Recht auf Wohnen (I): Unheimliches Bündnis
Bei den Auflagen für die gentrifizierungskritische Parade "Recht auf Stadt" stützt sich das Verwaltungsgericht auf eine geheime Staatsschutz-Analyse.
Das Verwaltungsgericht hat seine Auflagen für die Demonstrationsparade "Recht auf Stadt" mit einer Gefahrenanalyse des Staatsschutzes begründet - allerdings nur mit deren Ergebnis. Der Inhalt müsse aus nahe liegenden Gründen geheim bleiben. "Die Begründung macht mich als Rechtsanwalt sprachlos", kommentierte Demoanmelder Marc Meyer am Donnerstag.
Das Verwaltungsgericht hatte am Mittwochabend das polizeiliche Verbot der Route durch die Einkaufsstraßen bestätigt.

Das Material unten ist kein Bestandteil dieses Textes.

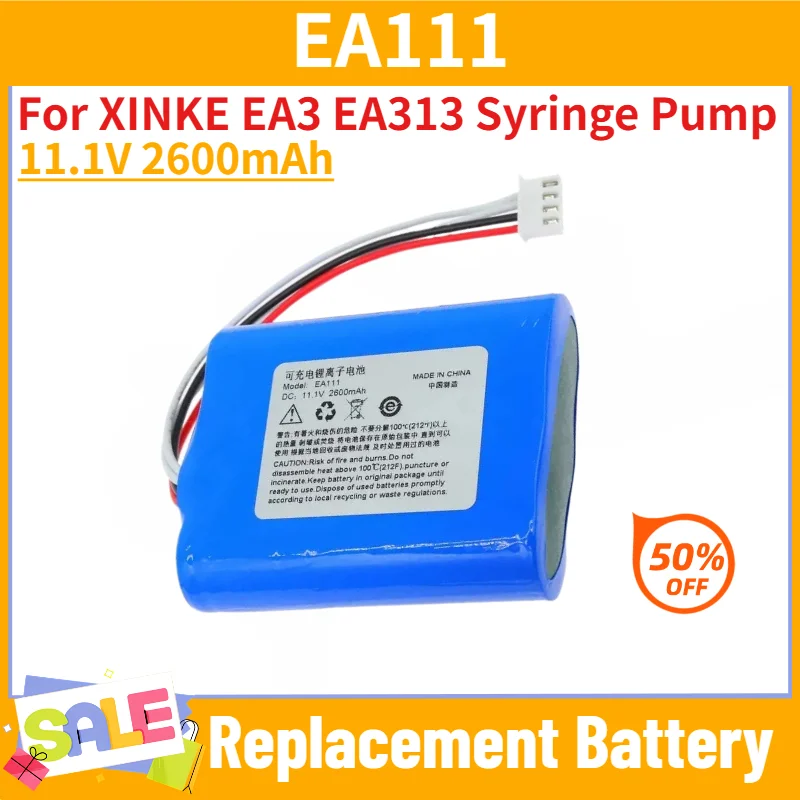100% New 11.1V 2600mAh EA111 High Quality Battery for XINKE EA3 EA313 Syringe Pump Replacement Battery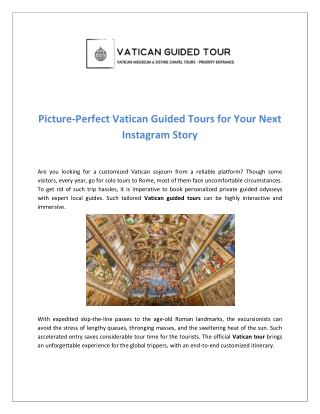 Picture-Perfect Vatican Guided Tours for Your Next Instagram Story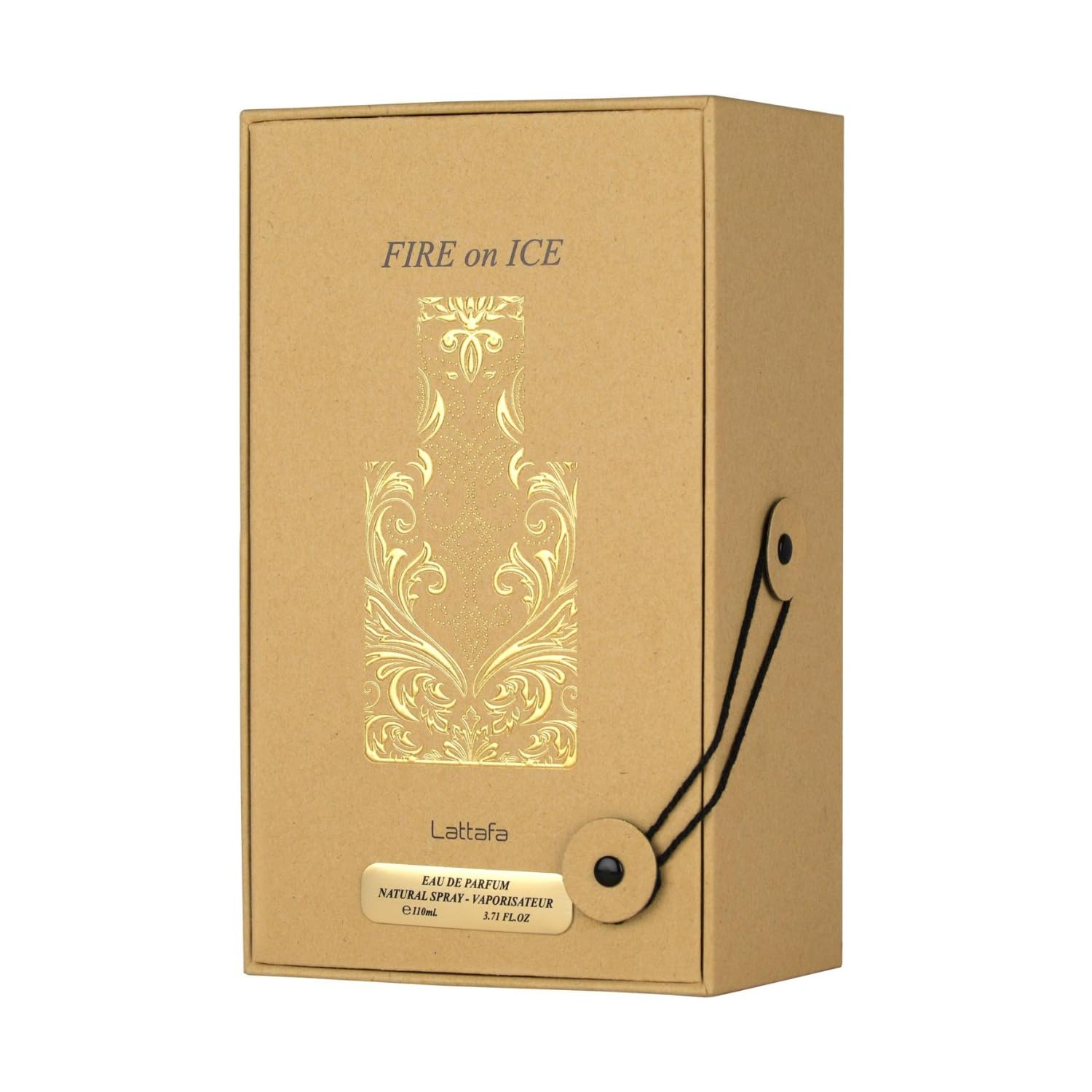 Lattafa Fire On Ice, empaque externo, excelente para exhibición y compra.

Das Veranstalter-Netzwerk von 120 Initiativen hat dagegen Beschwerde vor dem Oberverwaltungsgericht eingelegt, das bei Redaktionsschluss noch nicht entschieden hatte. Auf welcher Route die Anti-Gentrifizierungs-Parade Freitagnachmittag rollen wird, ist daher noch unklar.
Das Gericht hatte seine Entscheidung auf eine Lagebeurteilung des Staatsschutzes gestützt, die sich auf eine "in ihren Einzelheiten aus nahe liegendem, sachgerechten Geheimhaltungsintresse nicht belegten Analyse beruft" und Krawalle von 400 Autonomen prophezeit. Zudem hatte das Gericht den Aufruf des Bündnisses eigenwillig interpretiert. Formeln wie "wir sind wütend", "gehen auf die Barrikaden", "besetzen Häuser und Plätze" und "tanzen Walzer" wertete das Gericht als "unkalkulierbaren Widerstand". Die Losung "die Stadt zurückerobern" interpretierte es als "Kampf um Raumgewinn unter Inkaufnahme von Schäden". Der Umstand, dass dieses Motto aufgegeben worden sei, belege keinen Sinneswandel der Personen, die es zur Planung der Versammlung gewählt hatten.
Die Parade sollte ursprünglich ab 16.30 Uhr von der Moorweide über den Jungfernstieg zum Neuen Wall ziehen. Der Neue Wall sei gewählt worden, nicht weil man "die Straße so chic findet", sondern da sie Beispiel für privatisierten öffentlich Raum sei, sagt Meyer. Nach den polizeilichen Vorgaben soll die Parade um die Innenstadt herum über die Willy Brandt-Straße zum Ida-Ehre-Platz gehen.
Die bunte Parade, zu der unterschiedlichste Gruppen - vom Kleingärtner-Verein, über Mieterinitiativen und Bauwagenleute bis zur Gewerkschaft Ver.di - aufrufen, werde auf jeden Fall stattfinden, sagt Tina Fritsche vom Centro Soziale. Sie werde eine "Mischung aus politischer Demonstration und Rosenmontagsumzug" sein. Auf den Wagen sollen zu den Themen Mieterhöhung, Verdrängung, Bebauung, Beteiligung und zur städtischen Wohnungsbaupolitik Stellung bezogen werden.
Parallel hat die Arbeitsgruppe "Mieten und Wohnen" die grüne Stadtentwicklungssenatorin Anja Hajduk aufgefordert, die geplanten Mieterhöhungen bei den 130.000 Wohnungen der Saga / GWG aufzuhalten. Hajduk sitzt dem Aufsichtsrat der städtischen Wohnungsgesellschaft vor. In St. Pauli habe die Saga in den vergangenen Jahren Mieterhöhungen von 27 Prozent durchgesetzt. Kurz nach Veröffentlichung des Mietenspiegels seien Saga-Mietern in den von Aufwertung betroffenen Stadtteilen Mieterhöhungsverlangen ins Haus geflattert, obwohl die Saga 2008 rund 106 Millionen Euro Gewinn erwirtschaftete, berichtet Jörg Steffen. Hier werde "Profit auf dem Rücken der Mieter gemacht".